Because the national forest land on which Pomerelle sits is open range, cows can have their way with trails; by August, lovingly constructed berms can turn to cow-trampled moondust. Still, neither Henrickson nor Westfall would trade it for any other trail education.
“Looking back, compared to most places, we had it pretty good up there,” Henrickson says. “We had no problem hitting big features at a ‘real’ bike park, because things here are just as gnarly, but just a little more raw.”
"IT’S MORE ABOUT BEING AFFORDABLE FOR FAMILIES. AND THAT WAS KIND OF DRILLED INTO US BY OUR DAD. IT’S A LEGACY. HIS CALL WAS TO GET PEOPLE OUT IN THE MOUNTAINS." - Gretchen Anderson
Gretchen Anderson, Pomerelle’s marketing director and one of Woody’s children, tells me that, because the mountain serves the nearby agricultural community, its goal is to keep costs reasonable. Lift tickets cost $20 and riders are free to shuttle the paved access road to the top of the mountain rather than paying for a pass. As a result, several generations of the Anderson family work for the resort, flipping burgers and fitting rentals in addition to cutting trails.
“We keep it so incredibly affordable for everyone,” Anderson says. “And we’re always massaging this, because it’s not a huge money-making deal. It’s more about being affordable for families. And that was kind of drilled into us by our dad. It’s a legacy. His call was to get people out in the mountains.”

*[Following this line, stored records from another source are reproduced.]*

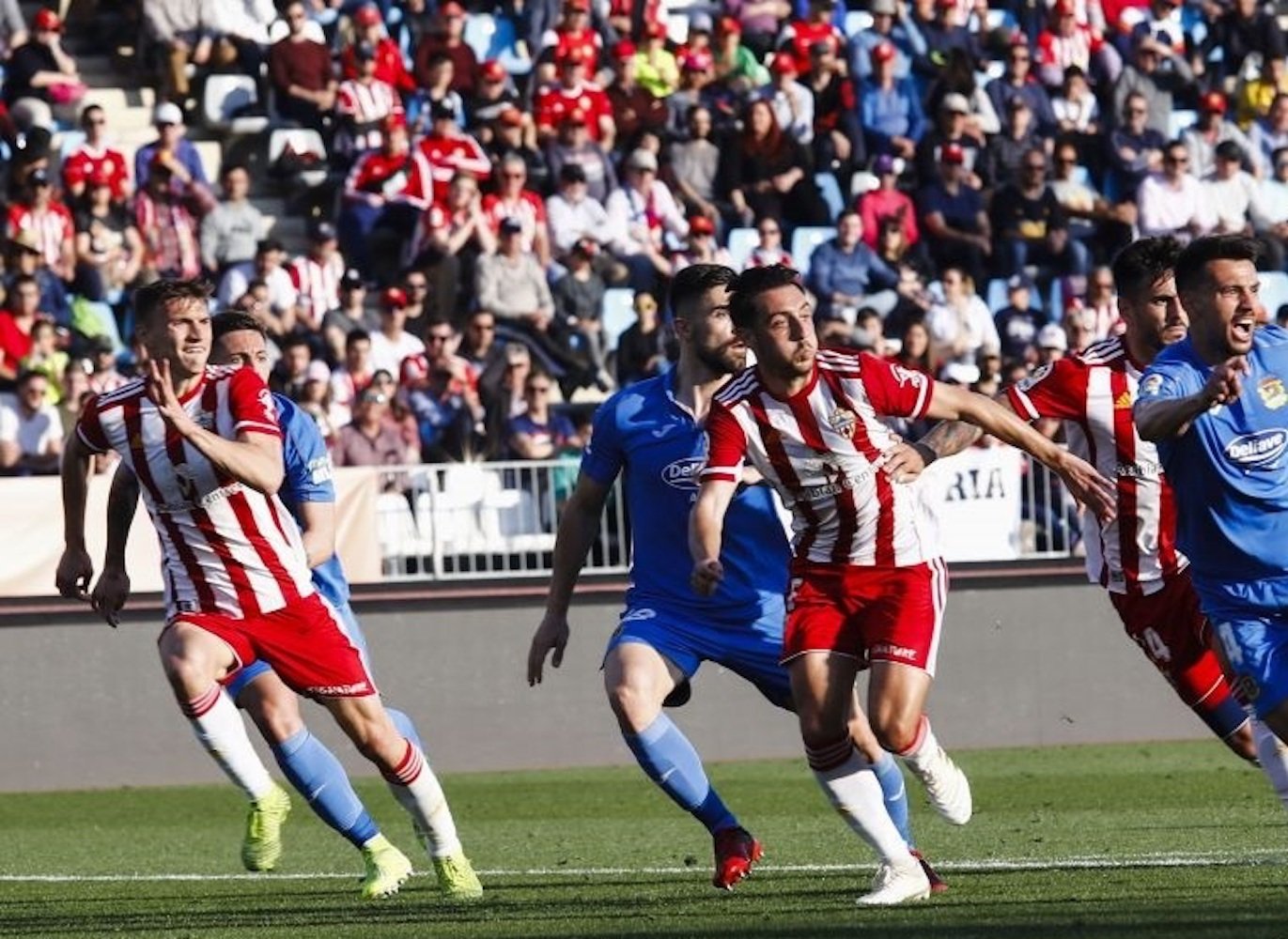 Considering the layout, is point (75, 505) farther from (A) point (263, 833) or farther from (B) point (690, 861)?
(B) point (690, 861)

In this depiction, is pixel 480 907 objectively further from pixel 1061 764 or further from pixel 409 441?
pixel 409 441

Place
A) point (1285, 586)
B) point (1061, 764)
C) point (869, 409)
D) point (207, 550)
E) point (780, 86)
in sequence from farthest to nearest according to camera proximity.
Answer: point (780, 86) → point (1061, 764) → point (207, 550) → point (869, 409) → point (1285, 586)

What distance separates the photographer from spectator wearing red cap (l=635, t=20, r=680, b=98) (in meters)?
22.3

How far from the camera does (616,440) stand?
9.94 meters

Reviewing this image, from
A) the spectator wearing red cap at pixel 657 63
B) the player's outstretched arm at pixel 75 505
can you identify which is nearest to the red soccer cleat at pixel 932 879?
the player's outstretched arm at pixel 75 505

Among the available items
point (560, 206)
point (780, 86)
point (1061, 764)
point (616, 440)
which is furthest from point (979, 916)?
point (780, 86)

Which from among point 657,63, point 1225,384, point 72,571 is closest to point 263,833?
point 72,571

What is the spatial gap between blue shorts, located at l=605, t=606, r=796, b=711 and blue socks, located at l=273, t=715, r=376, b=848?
1119mm

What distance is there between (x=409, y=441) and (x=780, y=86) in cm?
603

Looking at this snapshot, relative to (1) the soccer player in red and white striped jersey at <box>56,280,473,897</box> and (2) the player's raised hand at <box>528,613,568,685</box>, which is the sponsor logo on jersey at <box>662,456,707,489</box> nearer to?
(2) the player's raised hand at <box>528,613,568,685</box>

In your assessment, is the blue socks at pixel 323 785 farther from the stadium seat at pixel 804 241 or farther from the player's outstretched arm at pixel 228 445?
the stadium seat at pixel 804 241

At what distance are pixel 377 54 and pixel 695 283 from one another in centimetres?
1188

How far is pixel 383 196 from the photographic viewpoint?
20312 mm

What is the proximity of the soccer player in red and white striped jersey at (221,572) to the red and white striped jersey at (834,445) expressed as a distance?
1.72 metres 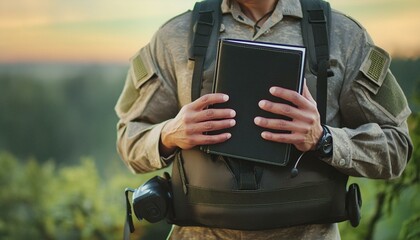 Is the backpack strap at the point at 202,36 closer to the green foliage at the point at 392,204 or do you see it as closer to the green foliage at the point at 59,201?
the green foliage at the point at 392,204

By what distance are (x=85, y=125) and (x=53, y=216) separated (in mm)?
396

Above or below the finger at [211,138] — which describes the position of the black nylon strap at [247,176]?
below

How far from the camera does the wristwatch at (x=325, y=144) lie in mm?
1963

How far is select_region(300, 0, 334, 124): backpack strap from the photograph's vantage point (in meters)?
2.00

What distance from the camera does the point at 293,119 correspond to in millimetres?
1920

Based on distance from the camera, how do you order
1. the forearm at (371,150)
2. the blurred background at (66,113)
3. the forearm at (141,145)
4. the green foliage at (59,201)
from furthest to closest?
1. the green foliage at (59,201)
2. the blurred background at (66,113)
3. the forearm at (141,145)
4. the forearm at (371,150)

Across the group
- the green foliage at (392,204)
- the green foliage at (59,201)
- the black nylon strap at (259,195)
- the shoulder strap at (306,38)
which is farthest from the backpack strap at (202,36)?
the green foliage at (59,201)

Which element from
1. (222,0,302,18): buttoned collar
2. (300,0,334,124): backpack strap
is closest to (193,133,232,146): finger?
(300,0,334,124): backpack strap

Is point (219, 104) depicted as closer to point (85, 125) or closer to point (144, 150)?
point (144, 150)

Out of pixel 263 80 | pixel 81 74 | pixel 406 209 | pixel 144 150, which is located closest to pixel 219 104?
pixel 263 80

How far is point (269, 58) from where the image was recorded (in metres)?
1.89

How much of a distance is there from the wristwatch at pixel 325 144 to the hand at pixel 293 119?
0.03 m

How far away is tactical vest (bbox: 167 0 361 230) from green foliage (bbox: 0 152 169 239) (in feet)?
5.40

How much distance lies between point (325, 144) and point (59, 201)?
201cm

In 2019, Woody died. The resort, already open only on weekends, closed for the entirety of that season in early August. With the exception of the Pomerelle Pounder weekend, COVID-19 kept the bike park closed during the summer of 2020. Despite being nominally shut down for a season and a half, Westfall and crew have kept themselves busy. There are no design teams or build crews—just a couple of guys building for themselves and the few people who stumble upon the place. The mountain’s winter motto is “What the hell, ski Pomerelle,” and that laissez-faire attitude also clearly applies during summer.
“Dad had a saying, ‘Till death do us part or the season ends,’” Anderson says. Despite Woody’s passing, the extended Anderson family—blood, by marriage and otherwise—continues his mission of getting locals into the mountains. And as long as they keep showing up, the lifts will keep spinning, and the seasons will never end.